Exercise instructions: Copy exactly the line containing "If it doesn't" and all the lines that follow it to the end of the records, minus the pictures.

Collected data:
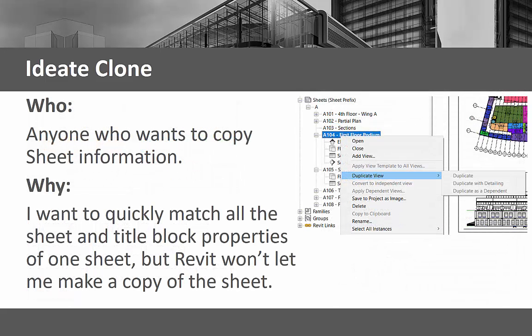ID8 Clone is for anyone who needs to easily and accurately copy sheet and viewport information. The Revit project browser doesn't allow you to duplicate sheet information. ID8 Clone will duplicate the sheet and match all the title block and sheet properties.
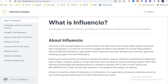What is Influencio? Influencio is the new generation of a social network that takes the current social media system and gives them superpowers. It is the first of its kind to amplify the effects and benefits of a social media platform where established influencers, high growth micro-influencers and their followers can monetize growth and gain from their interaction.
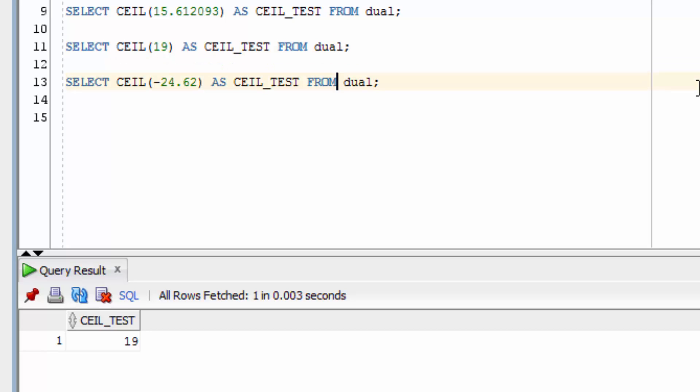The final example uses the CEIL Function on a negative number, negative 24.62. If we run this, it rounds up to minus 24. So it rounds to the higher number. It doesn't round to something further from zero. So that's how you use the CEIL Function in Oracle.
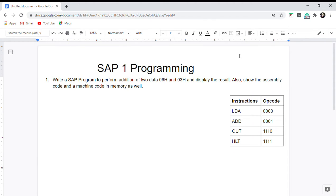Hello everyone, this is the first tutorial on this channel. Today we are going to perform the SAP-1 addition in assembly as well as in machine code. Before starting, I assume that you are at least a little bit familiar with the basic concepts of SAP-1 architecture, like the program counter, accumulator, memory addresses, registers, controller sequencer, etc.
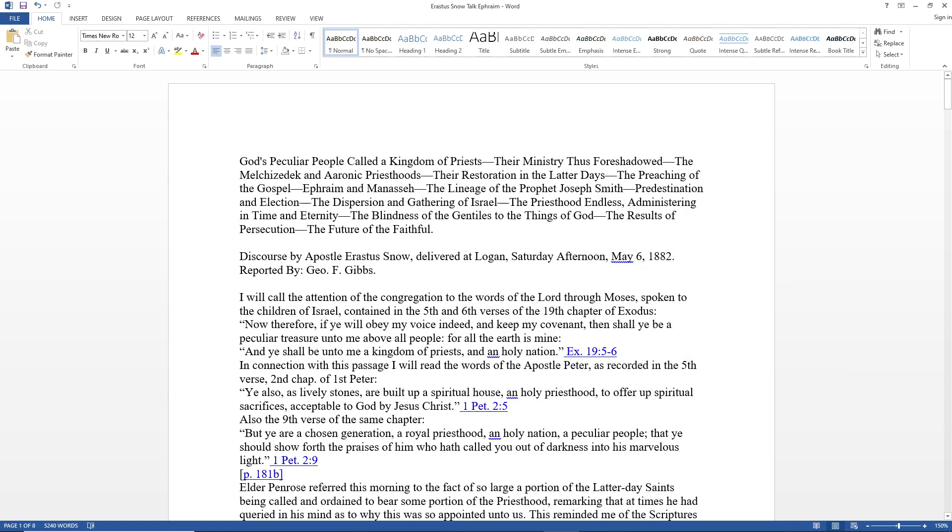Hey everybody, today I wanted to bring you a very interesting talk that I will title God's Peculiar People. It was given by Erastus Snow on May 6, 1882 in general conference. It will cover amazing topics such as God's peculiar people called a kingdom of priests, the Melchizedek and Aaronic priesthoods, the restoration in the latter days, Ephraim and Manasseh, predestination and election, the dispersion and gathering of Israel, and the future of the faithful.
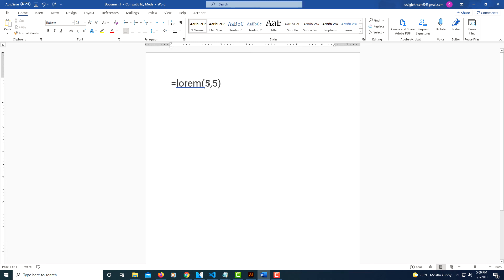You could type it with the empty parentheses to just give you random lorem ipsum text or you could specify how many paragraphs you want and how many sentences you want in those paragraphs. That's it, thanks for watching.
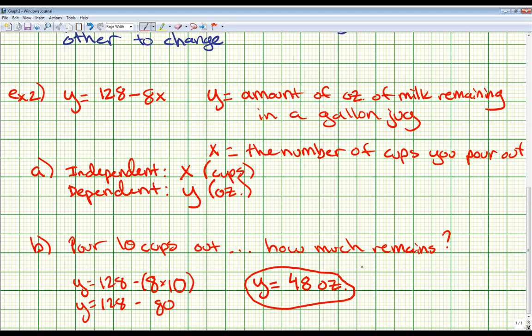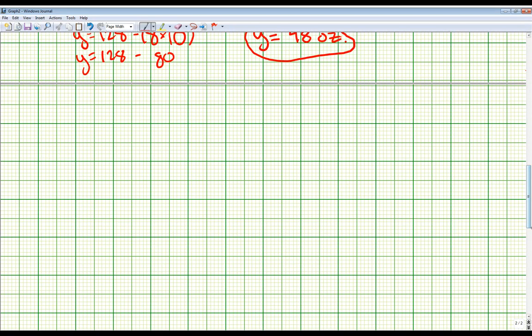For the on-your-own at the bottom of page 316: number 1 should be no, not a solution; number 2 is yes, it is a solution; number 3A — the independent variable is x and the dependent variable is y; and question B should be $105.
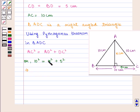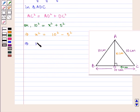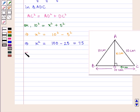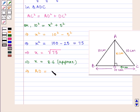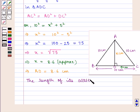This implies that X squared is equal to 10 squared minus 5 squared, that is 100 minus 25, so we get the value of X squared as 75. This implies that X is equal to the square root of 75. Taking the positive square root, as height cannot be negative, we get the value of X as approximately 8.6. Therefore AD is equal to 8.6 cm. Thus, the length of the altitude AD is equal to approximately 8.6 cm.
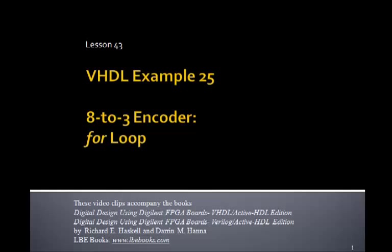This is Lesson 43, VHDL Example 25. In this example we'll design an 8-to-3 encoder, the same one we did in Lesson 42 using logic equations, but in this case we'll use a VHDL for loop.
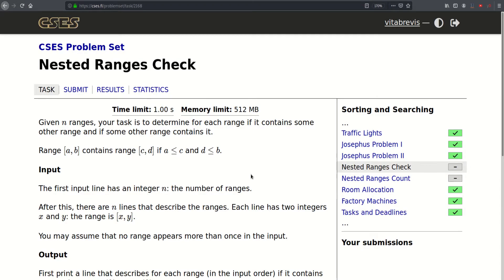Hello! Today we will be solving this problem called nested ranges check. We are given n ranges and our task is to determine for each range if it contains some other range and if some other range contains it. Range AB contains range CD if A is less than or equal to C and D is less than or equal to B.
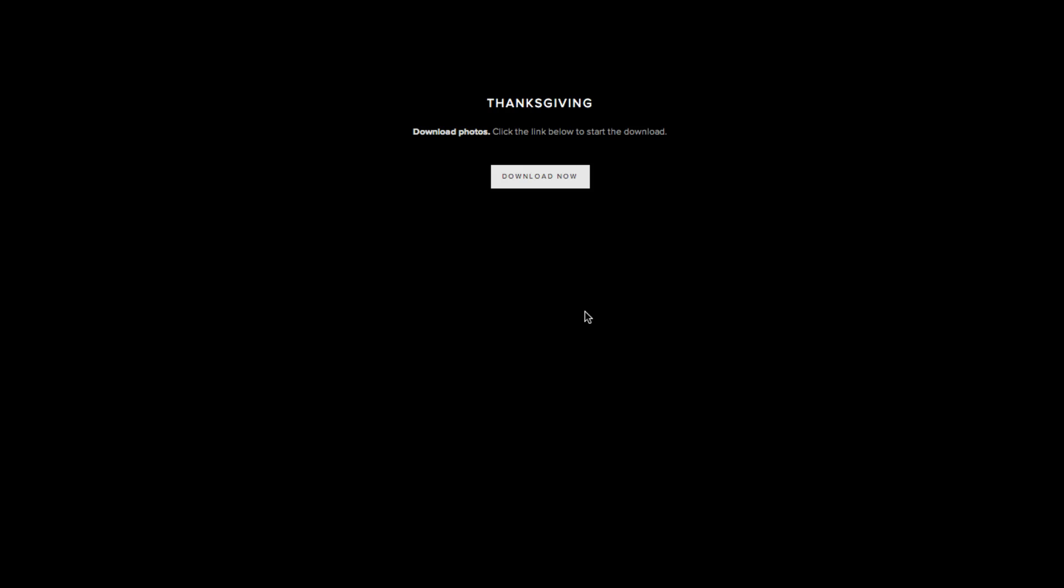If it doesn't show up within a half hour, hour, you can't find it in any of your folders, go back in here and try the process again because maybe it didn't work.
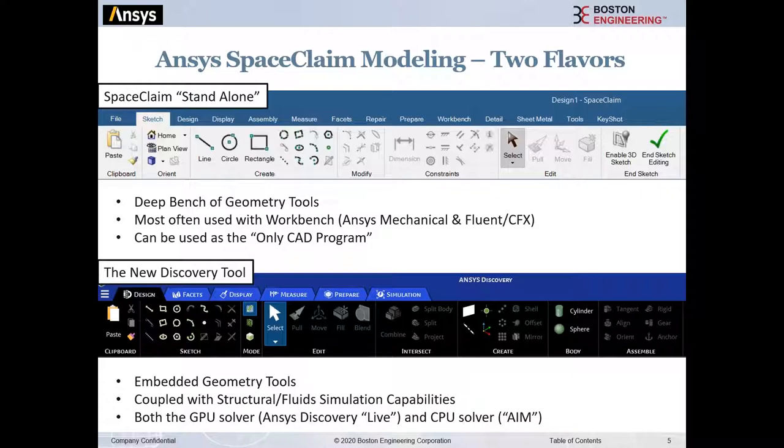The second flavor is for designers, part-time analysts, or those new to ANSYS — most of that capability is embedded in the new ANSYS Discovery tool. Two months ago we covered that capability. It's a brand new tool as of July, a complete refresh — a combination of the most commonly used SpaceClaim capabilities, structural analysis, and fluid analysis. Today we're focusing on the standalone, going further into the deeper capability set.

Exercise output:
If it doesn't show up within a half hour, hour, you can't find it in any of your folders, go back in here and try the process again because maybe it didn't work.
The second flavor is for designers, part-time analysts, or those new to ANSYS — most of that capability is embedded in the new ANSYS Discovery tool. Two months ago we covered that capability. It's a brand new tool as of July, a complete refresh — a combination of the most commonly used SpaceClaim capabilities, structural analysis, and fluid analysis. Today we're focusing on the standalone, going further into the deeper capability set.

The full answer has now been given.